The United States has 16.4 percent of the voting share at the 24-member World Bank board that chooses the president. Europeans have twice that share if they stick together, which many bank officials say they have signaled they are willing to do to remove Wolfowitz.
The senior European official said Wolfowitz's credibility was now "beyond repair."
That view has echoed through the bank's ranks. Hundreds of bank employees assembled at an auditorium on Monday to hear Mark Malloch Brown, the former top aide to Annan at the United Nations, say that with Wolfowitz in charge, the bank's anti-poverty agenda was "hugely at risk" because Europeans were balking at the financing.
No bank president has ever resigned in a crisis atmosphere like the current situation, so there is no precedent for what would happen if he left.
The committee's finding of guilt against Wolfowitz was tempered by a finding that the bank shared at least some blame for the failure of Wolfowitz to comply with its rules. According to people familiar with the report, it said the advice from ethics officials at the bank to Wolfowitz was less than clear and evidently subject to misinterpretation. Nevertheless, the report was clear in its conclusion that Wolfowitz breached his obligations.
Wolfowitz's lawyer, Robert Bennett, said the bank was giving Wolfowitz too little time to rebut its conclusions before a board vote later this week.
"I don't feel it would be appropriate to share the report, but I am deeply troubled that they have only given us 48 hours to respond," he said in an interview. "This is not fair to Mr. Wolfowitz."
The report, as transmitted to Wolfowitz, did not recommend any punishment for him. Bank officials, speaking anonymously because the proceedings are supposed to be confidential, said that the special committee was still working Monday on what to recommend.
It was not clear whether the committee, consisting of 7 of the bank's 24 board members, would recommend removing him from office or, more likely, express a loss of confidence in his leadership in a manner intended to force his resignation. Bank officials say a majority of the bank board has determined that he should go.

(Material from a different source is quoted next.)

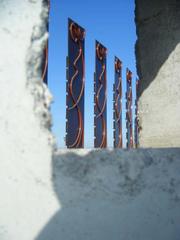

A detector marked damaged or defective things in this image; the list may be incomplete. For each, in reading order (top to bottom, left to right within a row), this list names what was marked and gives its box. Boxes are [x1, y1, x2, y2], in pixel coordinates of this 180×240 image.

broken concrete edge [25, 0, 56, 152]
vertical rusted metal bar [65, 18, 85, 148]
rusted metal post [65, 18, 85, 148]
rusty metal tie wire [65, 18, 85, 148]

The Bush administration has repeatedly backed Wolfowitz, but President George W. Bush and Paulson have also called for the completion of the bank's internal review process. Now that that is done, the administration is likely to face renewed pressure.
European and American officials say that Paulson has said that the bank process must be respected before the United States is pushed into a position on Wolfowitz. Several European officials said they believed that Paulson was in favor of Wolfowitz leaving, but that Bush and Vice President Dick Cheney were insisting on standing up for him.
Wolfowitz's selection in 2005 drew enormous criticism in Europe, but France and Germany wanted to repair the wounds left from their opposition to the Iraq war and went along with him.
That mood has changed, many European officials say. As expressed in editorials, political commentaries and even blogs, European sentiment is against Wolfowitz and in favor of more aid for poor countries.
Chancellor Angela Merkel of Germany favors Wolfowitz's resignation, people familiar with her thinking say, but is also eager to avoid a confrontation with Bush. But as chief of the European Union, she is said to feel obliged to reflect European views, put forth in the European Parliament's call last month for Wolfowitz to resign.
Prime Minister Tony Blair of Britain, due to step down as soon as this summer, has stood by Bush, but his presumed successor, Gordon Brown, the chancellor of the exchequer, has tangled with Wolfowitz on some bank policies.
European officials say that the Netherlands and the Nordic countries have been most critical of Wolfowitz.
Bank officials say that, as of now, only the United States, Japan and Canada would vote in favor of Wolfowitz. They represent less than 30 percent of the voting shares. Most directors are said to be willing to vote against Wolfowitz, but some countries, mainly in Africa, are said to be wavering.